§ Records excerpted from a collection:
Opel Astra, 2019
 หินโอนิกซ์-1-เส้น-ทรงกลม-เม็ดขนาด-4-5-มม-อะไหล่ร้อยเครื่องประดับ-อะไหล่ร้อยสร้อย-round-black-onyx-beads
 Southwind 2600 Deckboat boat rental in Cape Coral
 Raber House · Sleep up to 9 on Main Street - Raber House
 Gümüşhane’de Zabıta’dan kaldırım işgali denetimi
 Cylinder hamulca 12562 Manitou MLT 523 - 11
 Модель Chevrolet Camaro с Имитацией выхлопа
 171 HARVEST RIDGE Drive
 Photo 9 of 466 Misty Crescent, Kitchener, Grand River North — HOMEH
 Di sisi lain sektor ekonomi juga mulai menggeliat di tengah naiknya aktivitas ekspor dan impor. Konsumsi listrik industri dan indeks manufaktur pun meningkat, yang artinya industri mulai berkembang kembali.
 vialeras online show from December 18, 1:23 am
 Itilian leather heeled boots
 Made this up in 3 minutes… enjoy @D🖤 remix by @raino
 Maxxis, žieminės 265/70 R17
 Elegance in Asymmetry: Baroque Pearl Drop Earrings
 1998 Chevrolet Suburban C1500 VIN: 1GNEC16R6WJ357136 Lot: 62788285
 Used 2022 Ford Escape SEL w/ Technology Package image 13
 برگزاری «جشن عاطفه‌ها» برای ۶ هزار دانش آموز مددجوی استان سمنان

§ Work to be completed: Match on "Chevrolet" and report each line of the data above that has it.

§ Response to the exercise:
 Модель Chevrolet Camaro с Имитацией выхлопа
 1998 Chevrolet Suburban C1500 VIN: 1GNEC16R6WJ357136 Lot: 62788285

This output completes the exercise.